It was immediately apparent that the Wharfedale Diamond 8.1 was no
normal speaker. Even though the first sounds I fed it were mono (Louis
Prima's 'Just A Gigolo'), I was struck by a solid-central image which I
had never experienced before. So disconcerting was it that I played it
for a rival brand's designer who confirmed what I was hearing. It had
transformed mono into something considerably more palpable when, for
years, we've been seduced by mono reproduction of a diffuse nature which
almost provides the illusion of stereo. Instead, with these the
speakers spaced 7ft apart and with a tightly defined image at dead
centre, there was the deliriously baffling deception of no sound
whatsoever emerging from those two boxes to either side of the musical
image. The image floated in front of me, truly holographic, utterly
vivid, wholly involving. Yet still purely mono.

Moving onto superior recordings of a two-channel nature, especially
Classic Records' better-than-the-original vinyl reissue of Crosby Stills
& Nash, Shirley Bassey with Nelson Riddle, and Willy DeVille's
'Assassin Of Love', the 8.1s continued to astonish with a soundstage so
wide and so deep that one listener thought he was hearing the massive
Apogee Scintillas sitting behind the Diamonds. Image height was
superlative, if not quite the best I've experienced. What bordered on
'sounding like 10,000 per pair' was the overall stage width, depth and
image placement within the sound stage. Whatever way you cut it, the
speakers did the best disappearing act I've EVER heard from a box-type
speaker, including the LS3/5A. They sounded unreservedly gargantuan.

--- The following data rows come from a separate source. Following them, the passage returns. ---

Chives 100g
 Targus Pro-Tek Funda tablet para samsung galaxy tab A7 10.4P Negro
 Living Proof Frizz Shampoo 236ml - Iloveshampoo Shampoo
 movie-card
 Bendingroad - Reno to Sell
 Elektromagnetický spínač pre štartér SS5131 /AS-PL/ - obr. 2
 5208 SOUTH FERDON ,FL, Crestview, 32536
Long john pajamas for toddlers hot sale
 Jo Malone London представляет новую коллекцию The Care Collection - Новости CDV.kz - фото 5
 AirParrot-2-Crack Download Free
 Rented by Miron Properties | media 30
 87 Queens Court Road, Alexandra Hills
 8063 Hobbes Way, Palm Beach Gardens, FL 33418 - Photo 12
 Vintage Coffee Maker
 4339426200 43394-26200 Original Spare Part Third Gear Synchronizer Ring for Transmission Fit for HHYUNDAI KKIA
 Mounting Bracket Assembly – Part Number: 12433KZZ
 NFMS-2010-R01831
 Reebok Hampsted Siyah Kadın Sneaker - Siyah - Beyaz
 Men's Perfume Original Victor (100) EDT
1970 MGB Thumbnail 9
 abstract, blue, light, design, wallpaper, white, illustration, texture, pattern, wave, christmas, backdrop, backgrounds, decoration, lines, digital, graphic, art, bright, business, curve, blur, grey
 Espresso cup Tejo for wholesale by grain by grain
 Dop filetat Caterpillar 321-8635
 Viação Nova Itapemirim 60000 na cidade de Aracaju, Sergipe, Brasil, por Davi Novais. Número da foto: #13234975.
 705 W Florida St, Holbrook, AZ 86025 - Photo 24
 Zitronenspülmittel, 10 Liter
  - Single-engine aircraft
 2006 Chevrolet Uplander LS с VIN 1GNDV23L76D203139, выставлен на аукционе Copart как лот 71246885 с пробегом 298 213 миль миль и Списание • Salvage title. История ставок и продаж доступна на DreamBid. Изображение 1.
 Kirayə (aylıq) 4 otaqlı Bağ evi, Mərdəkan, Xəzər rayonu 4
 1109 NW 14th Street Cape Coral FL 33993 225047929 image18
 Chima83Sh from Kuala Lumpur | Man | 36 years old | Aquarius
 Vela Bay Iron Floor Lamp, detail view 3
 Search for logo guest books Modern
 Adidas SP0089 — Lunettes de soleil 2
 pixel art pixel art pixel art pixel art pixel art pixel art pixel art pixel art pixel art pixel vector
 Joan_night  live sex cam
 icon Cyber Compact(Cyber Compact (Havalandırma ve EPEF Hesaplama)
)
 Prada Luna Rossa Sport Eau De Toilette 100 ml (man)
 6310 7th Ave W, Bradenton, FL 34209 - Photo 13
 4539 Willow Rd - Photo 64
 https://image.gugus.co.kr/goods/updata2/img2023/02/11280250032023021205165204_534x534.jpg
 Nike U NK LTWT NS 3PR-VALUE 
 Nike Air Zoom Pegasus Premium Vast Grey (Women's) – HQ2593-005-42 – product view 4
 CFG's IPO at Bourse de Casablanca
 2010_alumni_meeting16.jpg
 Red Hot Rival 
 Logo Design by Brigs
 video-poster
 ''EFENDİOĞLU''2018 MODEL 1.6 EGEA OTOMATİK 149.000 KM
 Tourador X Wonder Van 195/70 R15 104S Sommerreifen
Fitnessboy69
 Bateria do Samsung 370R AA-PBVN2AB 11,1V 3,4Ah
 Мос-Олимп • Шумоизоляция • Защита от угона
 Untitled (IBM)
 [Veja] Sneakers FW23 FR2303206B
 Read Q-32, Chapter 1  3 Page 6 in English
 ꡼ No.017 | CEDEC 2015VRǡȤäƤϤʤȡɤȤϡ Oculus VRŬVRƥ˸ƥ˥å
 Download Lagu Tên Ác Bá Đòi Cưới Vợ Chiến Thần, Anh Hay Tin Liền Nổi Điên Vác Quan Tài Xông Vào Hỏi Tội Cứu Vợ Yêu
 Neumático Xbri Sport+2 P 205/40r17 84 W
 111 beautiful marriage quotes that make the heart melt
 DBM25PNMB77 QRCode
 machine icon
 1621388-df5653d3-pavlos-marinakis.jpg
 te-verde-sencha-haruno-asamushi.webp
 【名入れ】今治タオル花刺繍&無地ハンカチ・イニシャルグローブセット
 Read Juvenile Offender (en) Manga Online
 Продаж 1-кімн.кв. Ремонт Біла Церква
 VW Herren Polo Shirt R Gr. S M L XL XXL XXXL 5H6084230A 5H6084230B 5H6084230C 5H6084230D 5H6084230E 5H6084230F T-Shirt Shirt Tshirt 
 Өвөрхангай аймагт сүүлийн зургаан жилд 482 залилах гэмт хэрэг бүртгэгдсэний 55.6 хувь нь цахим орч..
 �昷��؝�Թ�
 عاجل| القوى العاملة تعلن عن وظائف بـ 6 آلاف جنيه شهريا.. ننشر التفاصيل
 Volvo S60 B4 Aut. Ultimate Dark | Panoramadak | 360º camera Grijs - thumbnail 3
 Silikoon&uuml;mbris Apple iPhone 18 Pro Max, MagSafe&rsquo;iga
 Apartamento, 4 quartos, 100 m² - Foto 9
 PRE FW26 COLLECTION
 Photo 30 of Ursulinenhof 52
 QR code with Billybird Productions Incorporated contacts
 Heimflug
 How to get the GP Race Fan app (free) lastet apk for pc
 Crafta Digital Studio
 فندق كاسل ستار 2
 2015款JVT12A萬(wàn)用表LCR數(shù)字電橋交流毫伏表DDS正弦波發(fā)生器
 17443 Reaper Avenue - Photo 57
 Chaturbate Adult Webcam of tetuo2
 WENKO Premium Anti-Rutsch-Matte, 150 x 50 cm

Wharfedale suggests stand-mounting the 8.1 with the speaker facing
the listener rather than firing straight ahead, with enough toe-in so
that you don't see the sides of the enclosure when you look at each
speaker. This created a triangle of, as I said above, 7ft between the
speakers, with the hot seat 8ft from the speaker line. Turning one's
head or moving off-axis resulted in less of a change than I expected,
despite the array being set up for a hot seat. What was constant
regardless of where I sat or stood was astonishing clarity,
top-to-bottom cohesion, so much bass that one visitor thought I had a
subwoofer in the room and a naturalness in the midband which recalled
the old Quad ESL.

A downside? If you hammer them to threshold-of-pain levels, you will
detect some sibilance on vocals and strings. That's it. But believe me,
these go loud enough - even with 30W solid-state integrateds - never to
need be driven to that point. Unfortunately, mid-fi integrated amps will
not show you what these can do because of the lack of refinement and
dynamic capability which you only get from high-end amps. But let's see
you try to arrange a demo with a retailer who'll let you audition a
speaker of this price on the finest system in the store. If you can, he
will be embarrassed because of the havoc the 8.1 will wreak on his
carefully plotted upgrade path for regular customers.

Wharfedale's Steve Hewlett has designed a work of genius. As the
Diamond 8.1 sells for 119.95 per pair, you could run down to the
nearest Wharfedale outlet and buy a pair just for the sheer hell of it,
instead of your next 10 CDs or six DVDs. It will do justice, in a
14x22ft room, to 50,000 worth of electronics. Just don't blame me if
whatever other speaker you were using ends up gathering dust. The
Wharfedale Diamond 8.1 truly deserves to be described as 'astonishing'.